+++ Data for this task +++

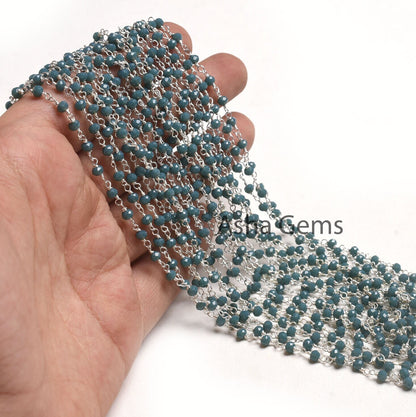 1,5,25, Ft Chain, Light Neon Blue Apatite Hydro Silver Plated Rosary Chain, Faceted Micro Cut Beads Chain Wire Bulk Finding Chain Jewelry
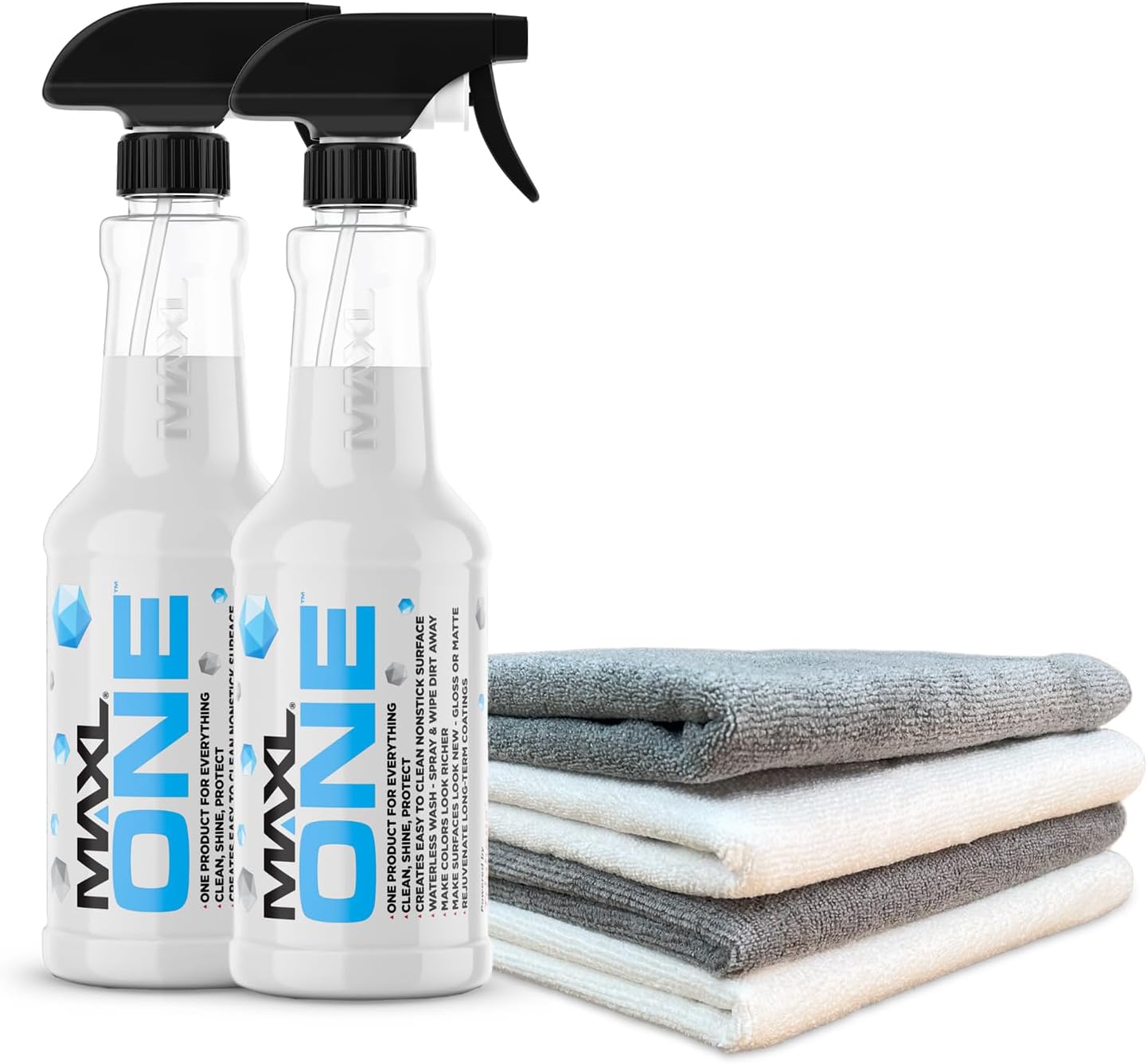 MAXLONE ™ Car Spray with Triphene® Technology, Quick Spray & Wipe All Purpose Waterless Detailer - Clean, Shine, Protect Paint, Glass, Wheels, Trim Without Pre-Washing (2, 20oz w 4 Micro Fiber Cloth)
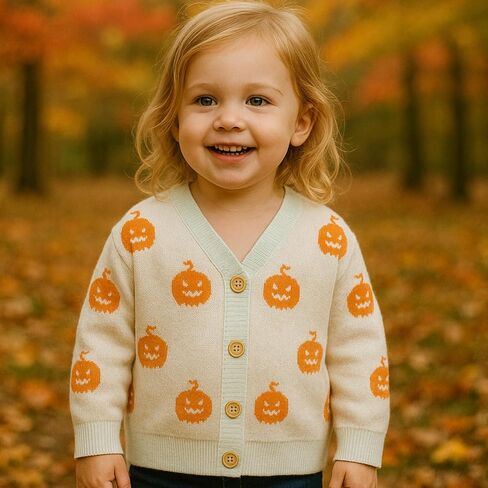Winmany Toddler Girls Halloween Pumpkin Cardigan Sweater Girl's Soft Long Sleeve Fall Fall Tops لمدة 1-5 سنوات in Saudi Arabia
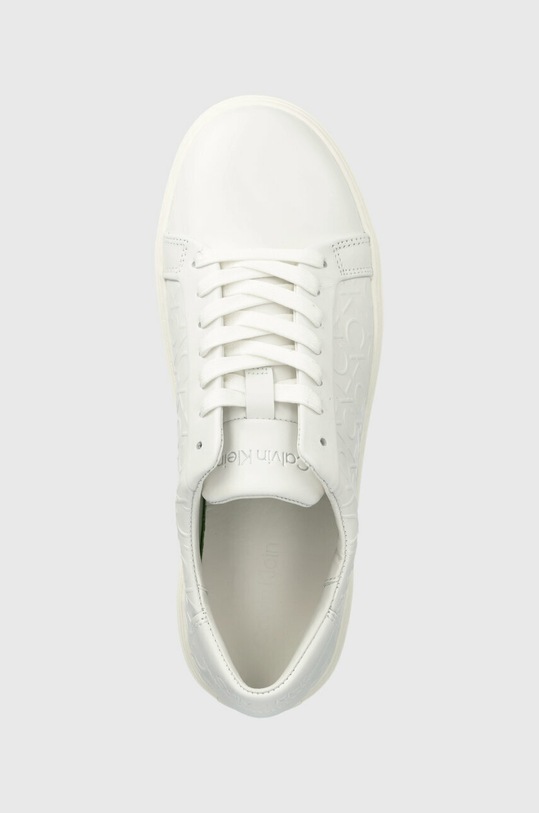 Calvin Klein sneakersy skórzane LOW TOP LACE UP MONO HF biały HM0HM01068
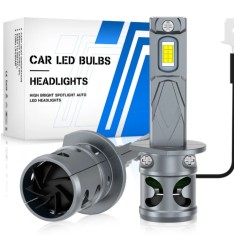 Set 2 becuri auto LED cu ventilator mini H1, canbus, 120W, BZRSH, soclu H1, 12V, 6000K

+++

What you should do
Every line between the one containing "MAXLONE ™ Car" and the end of the listing, both included, needs to be retyped exactly, minus the pictures.

Answer to the exercise
 MAXLONE ™ Car Spray with Triphene® Technology, Quick Spray & Wipe All Purpose Waterless Detailer - Clean, Shine, Protect Paint, Glass, Wheels, Trim Without Pre-Washing (2, 20oz w 4 Micro Fiber Cloth)
Winmany Toddler Girls Halloween Pumpkin Cardigan Sweater Girl's Soft Long Sleeve Fall Fall Tops لمدة 1-5 سنوات in Saudi Arabia
 Calvin Klein sneakersy skórzane LOW TOP LACE UP MONO HF biały HM0HM01068
 Set 2 becuri auto LED cu ventilator mini H1, canbus, 120W, BZRSH, soclu H1, 12V, 6000K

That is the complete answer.